Paru dans Next, de Libération en hommage à Claude Durand

Par Mahi Binebine

Une mère qui murmure dans un coin «mon enfant est mort» a beaucoup plus de force qu’une autre qui se griffe le visage en hurlant dans les rues la disparition de sa progéniture. Tel était le genre de conseils que prodiguait Claude Durand à la jeune pousse que j’étais il y a vingt-cinq ans lorsqu’il accepta de publier mon premier roman aux éditions Stock.

Etre lu, l’encre à peine sèche, par Claude Durand avait de quoi vous donner des frissons. Moi qui exécrais les examens, j’ai finalement choisi un métier où je n’ai cessé d’en passer. A chaque roman, j’attendais le verdict. Je rêvais du moment où Claude viendrait me taper sur l’épaule et me dire «c’est bien, tu as fait du bon travail !».
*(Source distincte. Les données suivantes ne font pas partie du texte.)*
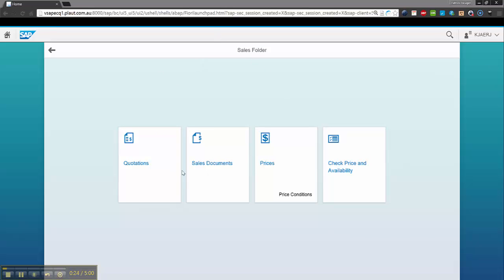So here I have three more folders: one for quotations, sales documents, and prices. I also have the possibility to go into my check and pricing availability.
Des conseils, toujours des conseils, des voies à suivre, des personnages (a priori auxiliaires) à développer, à nourrir jusqu’à en faire des piliers du récit. Resserrer, faire l’économie des mots, corser la dimension narrative, bannir les fioritures, se méfier comme du diable du pathos. Et surtout, surtout ne pas tricher, ça s’entend. Il n’imposait rien, il suggérait à mi-voix. Parfois, il lui arrivait de froncer les sourcils, il brandissait alors une paire de ciseaux et châtrait sans pitié les passages où l’auteur se fait plaisir quand l’objet de sa narration ne servait pas le texte.
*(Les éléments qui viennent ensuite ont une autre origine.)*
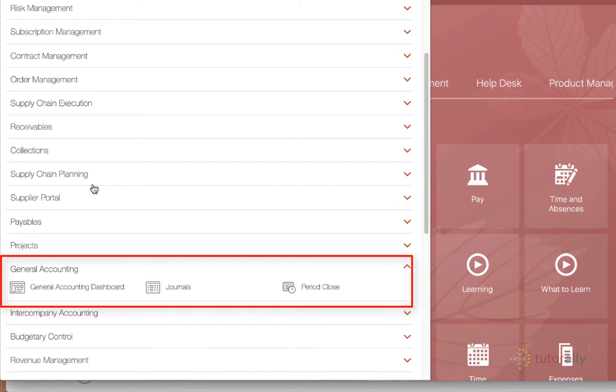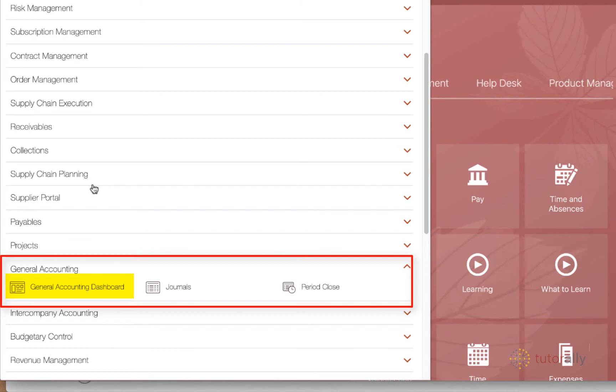So the first one is called the general accounting dashboard, and that's basically the place where you would be looking and monitoring all the things that you had previously done in the GL. So monitoring account balances, perhaps journals as they go through the system, or reporting, all of these types of things.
En vérité, on n’invente rien, on ne fait que traduire ce que le vulgum pecus a toujours ressenti, sans pouvoir le formuler. Gare aux chevilles qui font de l’écrivain une divinité. Modeste. Soyez modeste !

Dix livres plus tard (dont sept avec lui), me voilà ressassant ses paroles que je buvais naguère comme celle d’Evangiles, ou du Coran, c’est selon.

Je ne suis pas ce qu’on appelle un auteur à succès. Je ne fais pas de vente record en librairie, de quoi décourager plus d’un éditeur. Jamais Claude ne m’a reproché mes modestes scores. Il ne faisait pas dans l’épicerie. Mieux, je crois qu’au fond de lui-même, il me souhaitait le succès le plus tard possible.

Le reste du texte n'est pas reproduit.